I spent about three weeks trying to get these microphones to work, even after spending hours with the TAs and Joe I couldn't figure out why the audio was so quiet. Then one day while looking at the data with an oscilloscope I noticed that six most significant bits were always 1 during testing. I left-shifted the audio by six bits and the audio was much louder and easier to work with.
Filtering and decimating the audio data
Human speech typically occurs from between 20 Hz to 3 kHz however we sampled at 32 kHz so it I passed the audio through a low-pass finite impulse response (FIR) filter. I used the Xilinx FIR Compiler IP which also supports decimation so I could reduce the sample rate to 8 kHz.
Getting the phase and amplitude data
Both the localization and voice biometrics required the phase and amplitude of the audio signal. I used the Xilinx FFT LogiCOREā¢ IP block configured with four channels (one for each microphone) to operate on 512 samples which we experimentally determined to strike a balance between resource usage and accuracy.
Sound localization
The idea behind sound localization is that the phase difference between when each microphone samples the audio signal can be used to determine the direction of the sound source.
First I took the 512 calculated FFT coefficients and discarded the upper 256. By the Nyquist-Shannon sampling theorem only the lower 256 were usable. Then I convert all the coefficents from rectangular form to polar form.
Then for each frequnecy I did the following process
- Calculate the phase difference between the central microphone and the other microphones
- Scale each of the peripheral microphones by the phase difference and the amplitude at the central microphone
- Sum the scaled locations
- Assign the resulting direction vector to one of 16 bins
Once all the 256 frequencies have been processed the bin with the greatest magnitude is the direction of the sound source.
Motor control
Servo Motor Contro
To test sound localization I generated PWM signals to control a serve motor.

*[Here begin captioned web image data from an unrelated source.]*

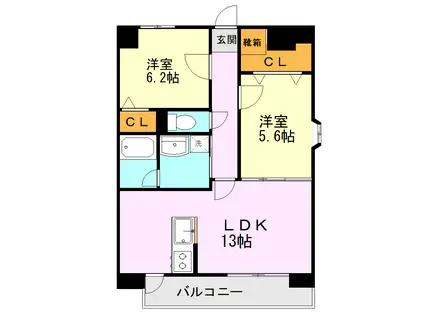 OAK VILLA大津レジデンス (2LDK/10階)の間取り写真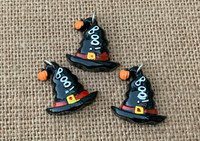 1 | Boo Witch Hat Charms - Black - Resin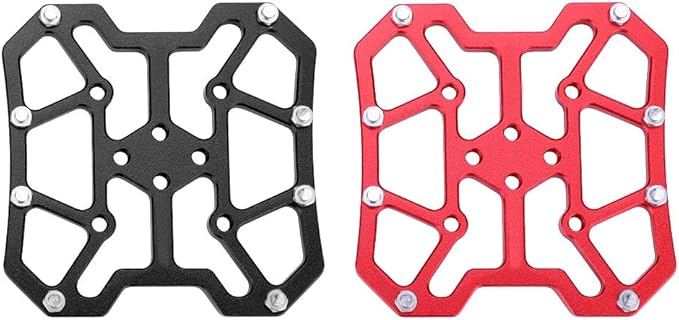 VBESTLIFE 1 Pair Aluminum Alloy Bike yle Clipless Pedal Platform Adapters for Shimano Spd Speedplay (Black, Red)(Black) Clipless Platform Adapter Spd Platform Adapter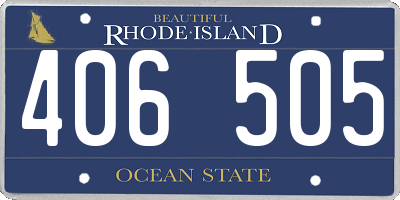 RI license plate 406505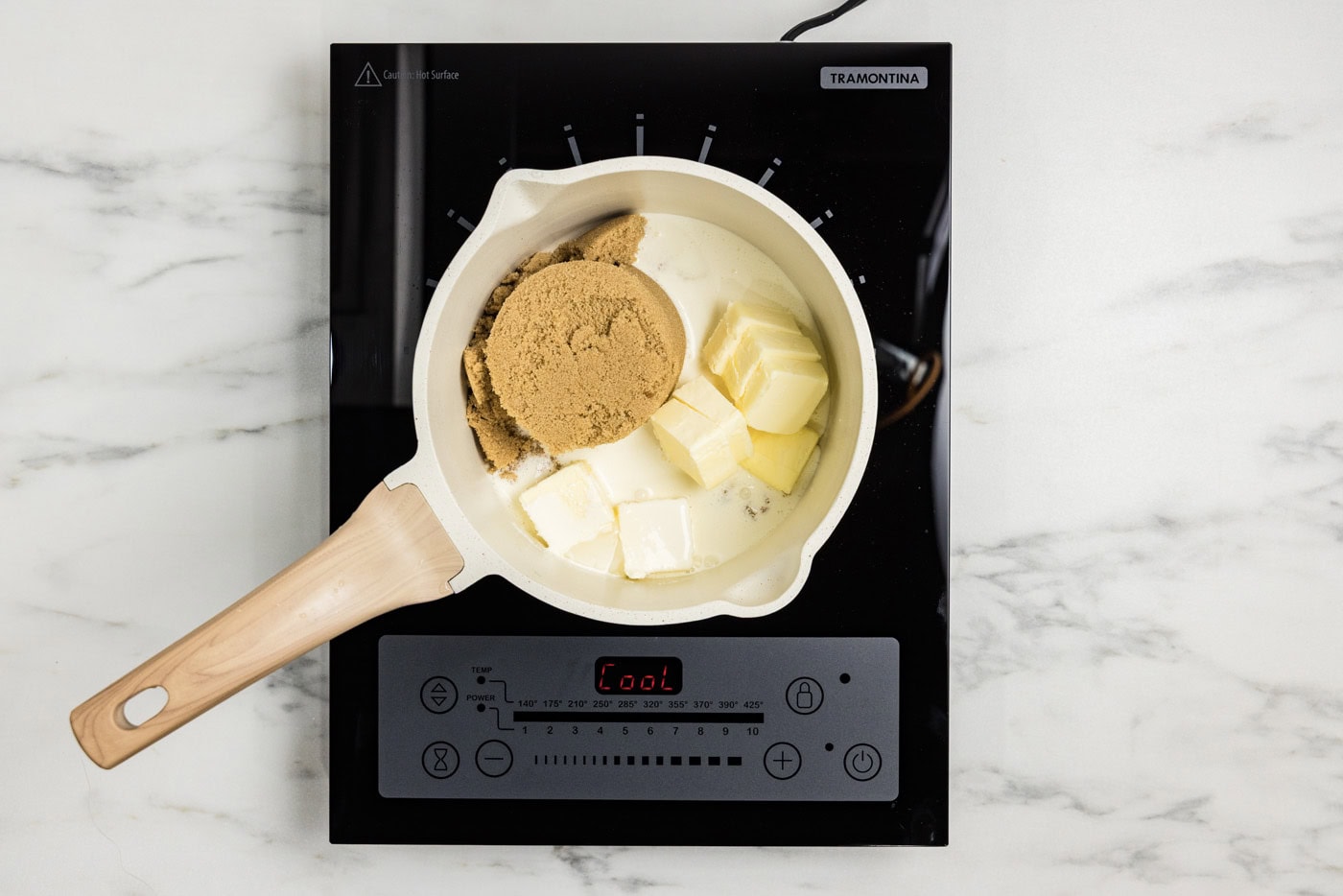 brown sugar, butter, and heavy cream in a saucepan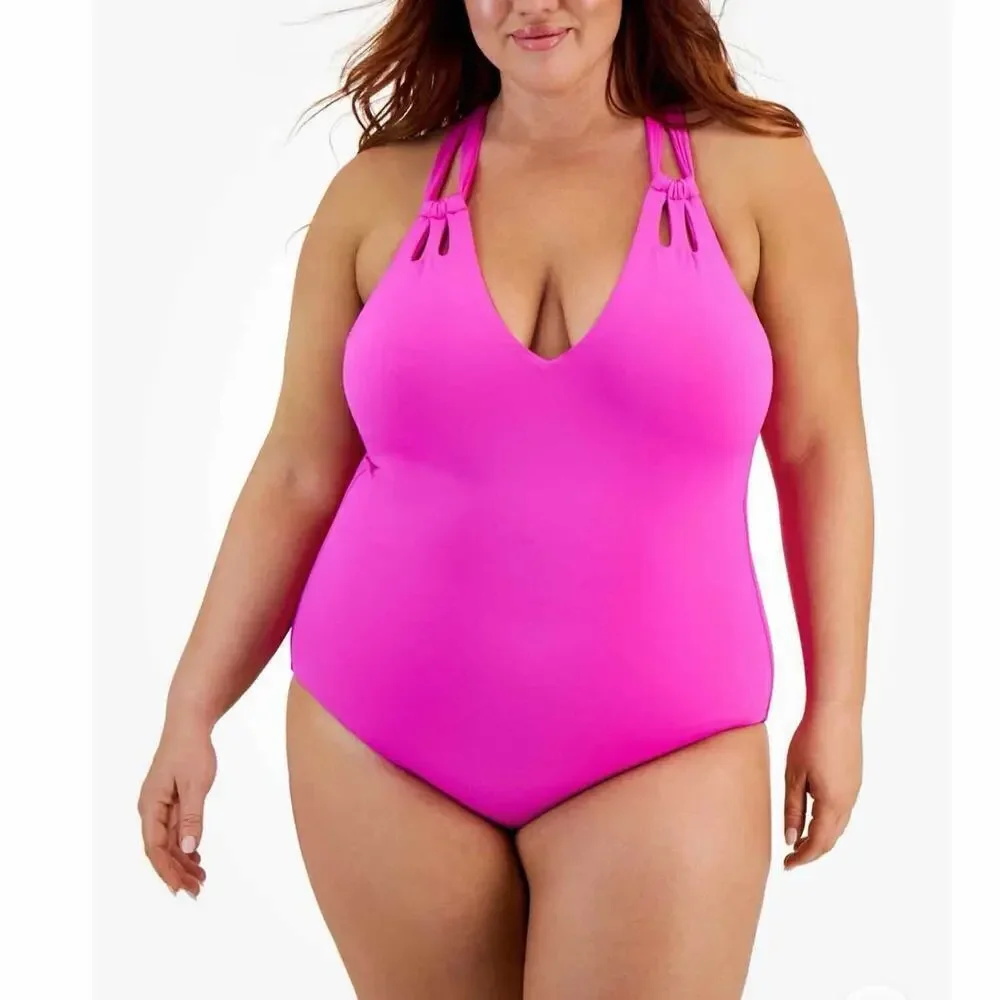 Becca Rebecca Virtue  Swimsuit Pink Strappy One Piece Plus Size 1X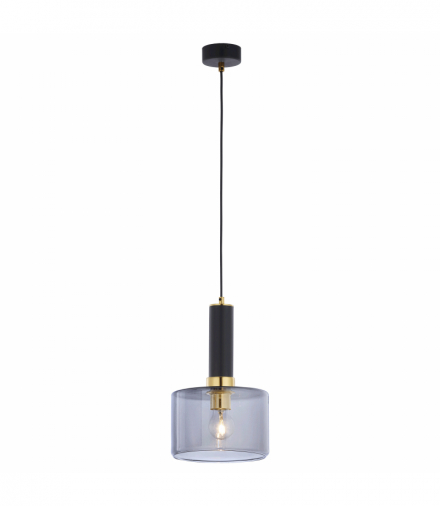SAMOS 1P, lampa wisząca, E27 max. 60W, metal, mosiądz/czarny, klosz szklany Orno AD-LD-6549B-CE27SP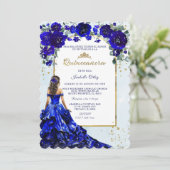 Invitation Quinceañera Azul Real y Oro (Debout devant)
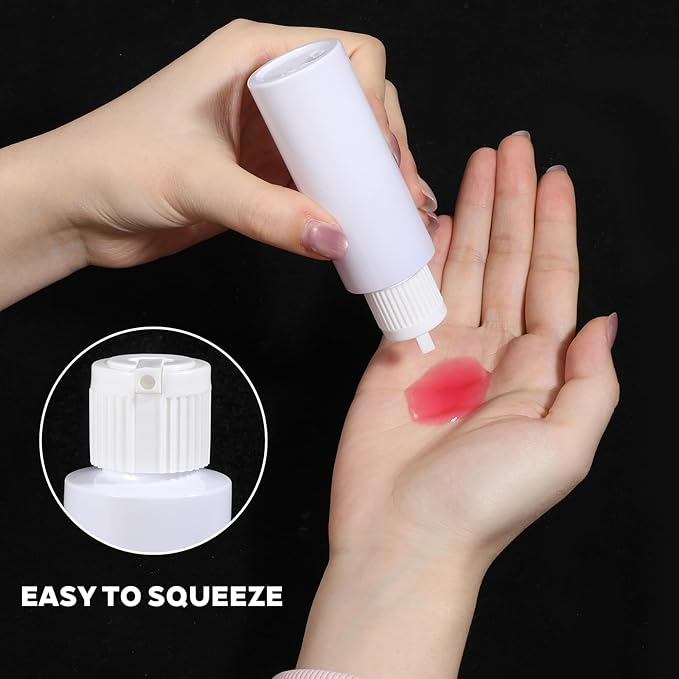 2 Oz Travel Squeeze Bottle with Flip-top Pour Spout, 4Pcs Small Plastic Bottles Refillable Squeeze Bottle for for Lotion, Shampoo, Various Liquids (White)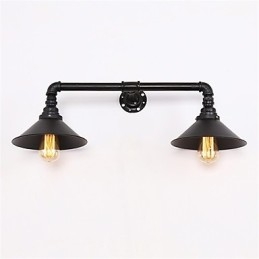 Applique murale industrielle vintage en métal noir, luminaire décoratif pour restaurant, café, bar, avec 2 ampoules peintes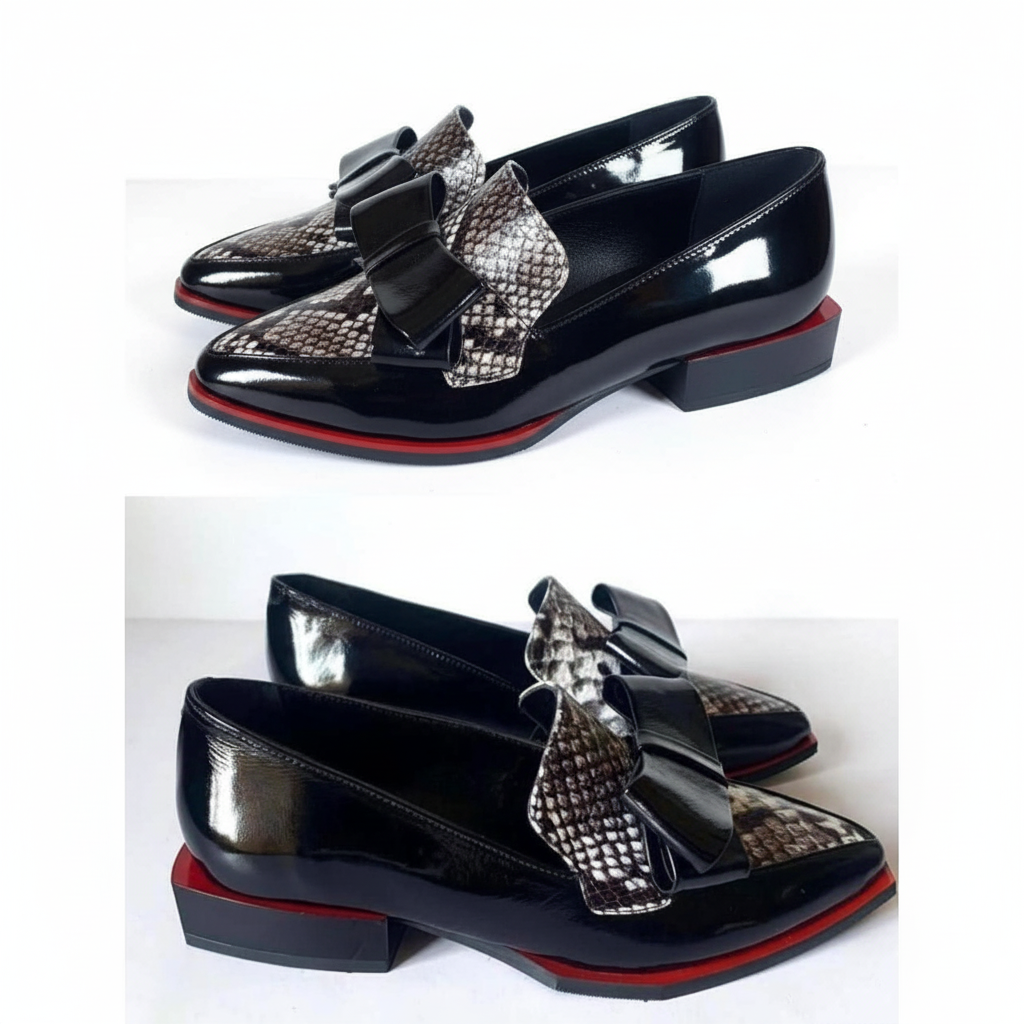 Pointed-toe Chunky Loafer Animal Print Formal Shoes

I mapped each bin to a different duty cycle and the servo would move to that angle.
DC Motor Control
Initally, I tried to use continuous servos to move the robot. However, these motors generated enough noise to interfere with the localization module. Instead, two Adafruit DC Gearbox TT Motors were used, these have three ports: IN1, IN2, and EN. IN1 and IN2 control the direction of the motor and were always set to low and high respectively, as the motors only moved clockwise. EN controlled whether the motor is enabled. I generated a PWM signal for the EN pin to vary the motor speed. I choose 20 kHz to not interfere with localization or voice biometrics.